最終回 すべての人が力を発揮できる社会に
 
     


 娘が障害を持って生まれたとき、私の父親が「この子を連れて一緒に死んだる。それがわしがお前にできる唯一のことや」と叫んだ話を最初にしました。そして、そこがいまの私の出発点だったことも。

 それから30年。障害を持つ子どもとその親を取り巻く環境はずいぶん変わってきましたが、それでもまだ親が「この子より一日だけあとに死にたい」と訴える姿をしばしば目にします。当事者が直面する苦しみはいまも変わっていないのです。

 でも、もしかしたら、こうした状況をなくしていくには、チャレンジドたちが働いていけるように仕組みを変え、社会に制度として定着させるだけではだめなのかもしれません。もう少し広い意味で、文化や哲学が社会全体に必要なのではないでしょうか。

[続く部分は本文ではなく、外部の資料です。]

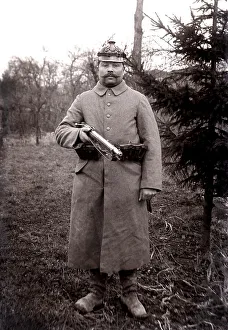 German soldier with carbine and spiked helmet at a photo shoot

 ほんとうの意味で私を育ててくれたのは、人から「かわいそう」と同情されてきた私の娘です。私は彼女によって人間の素晴らしさに気づきました。「なんとかせなあかん」と切羽詰まった状況を抱えて必死に走り回っているときに、私たちに差し伸べられた多くの手。彼女がいなければ、多くの素晴らしい人たちと出会うこともありませんでした。どんな人にも生きる価値があって、その人の長所を社会が引き出してあげれば、本人も社会も変わっていける。その価値をこれからも多くの方々に伝えていくことが、私の最終的な目標です。

 人間って、2人いたら競争があるし、3人いれば差別も生まれがちです。それは全く不思議なことではないんです。でも、力の弱い人間がなんで地球上で頂点に立つ動物になりえたのかといえば、分担して道具をこしらえたり、集落をつくって協働することで生存してきたことが大きいと思うんです。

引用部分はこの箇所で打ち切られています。